Submitted to: Future Virology
Publication Type: Peer reviewed journal
Publication Acceptance Date: 12/1/2009
Publication Date: 1/1/2010
Publication URL: hdl.handle.net/10113/44511
Citation: Grubman, M.J., Moraes, M.P., Neilan, J., Ettyreddy, D., Butman, B.T., Brough, D.E., Brake, D.A. 2010. Adenovirus serotype 5 vectored foot-and-mouth disease subunit vaccines: the first decade. Future Virology. 5(1):51-64. Interpretive Summary: Foot-and-mouth disease virus (FMDV) is an antigenically variable virus consisting of 7 serotypes and multiple subtypes and causes an economically devastating disease of cloven-hoofed animals. Vaccines produced by chemical inactivation of virus are available, but there are concerns about their safety and about the ability to serologically distinguish vaccinated animals from infected animals. A possible alternative approach to develop safe, effective FMD vaccines is to produce viral subunit vaccines which do not contain infectious FMDV and lack the genetic information for a number of viral nonstructural proteins. Approximately 10 years ago we initiated a project which used a replication-defective human adenovirus to deliver this vaccine (Ad5-FMDV). Thus, production of this vaccine does not require expensive high-containment manufacturing facilities, can be made in the U.S., which currently prohibits work with infectious FMDV on the mainland, and animals inoculated with this marker vaccine can readily be differentiated from infected animals using diagnostic assays employing the viral nonstructural proteins not present in the vaccine. We have demonstrated that this Ad5-FMD vaccine can protect both swine and bovines after one inoculation. In collaboration with the Department of Homeland Security and the biotechnology company GenVec, Inc. we have expanded these studies in cattle and demonstrated its effectiveness in both direct inoculation challenge studies as well as contact challenge studies. Furthermore, we have developed manufacturing protocols to allow scalable production of these FMD molecular vaccine products, regulatory licensure approval, and inclusion in the U.S. Veterinary Vaccine Stockpile. We have also constructed and initiated cattle efficacy testing of Ad5 vectors containing the capsid coding regions from other FMDV serotypes and subtypes.
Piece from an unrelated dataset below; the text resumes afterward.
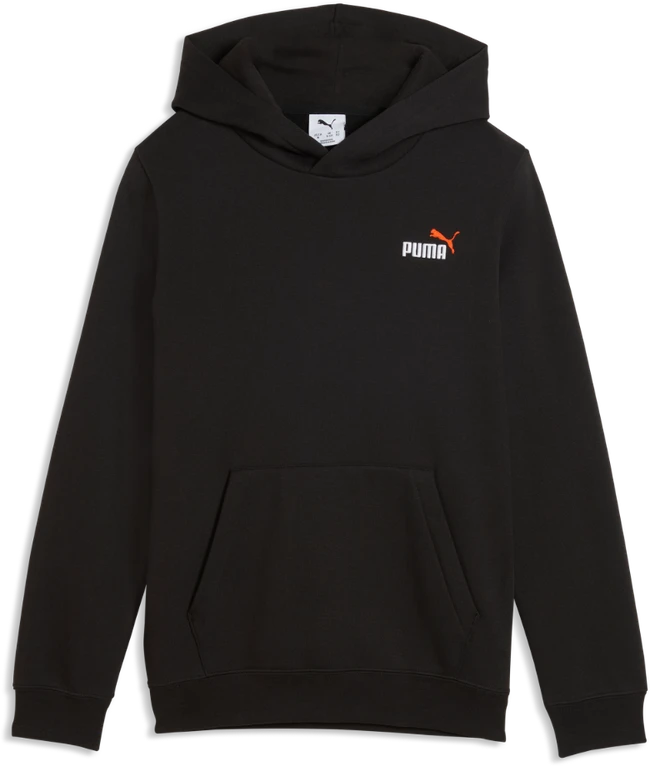 Puma Džemperis Paaugliams Ess 2 Color Small Logo Hoodie Fl Juodas 685825 71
Technical Abstract: Here we present the results of the first decade of development of a replication-defective human adenovirus (Ad5) containing the capsid and 3C protease coding regions of foot-and-mouth disease virus (FMDV) as a vaccine candidate. In proof-of concept studies we demonstrated that a single inoculation with this vaccine vector containing the capsid of FMDV A24 Cruzeiro protected both swine and cattle following homologous challenged by direct inoculation one week post-vaccination. We have expanded these studies in cattle with larger numbers of animals and by testing the vaccine in direct contact challenge studies, including the ability to prevent FMDV shed and transmission. Furthermore, we have developed manufacturing protocols to allow scalable production of these FMD molecular vaccine products for USDA licensure approval, and inclusion in the U.S. Veterinary Vaccine Stockpile. We have constructed and initiated cattle efficacy testing of Ad5 vectors containing the capsid coding regions from other FMDV serotypes and subtypes as well as initiated studies to improved FMD molecular vaccine potency.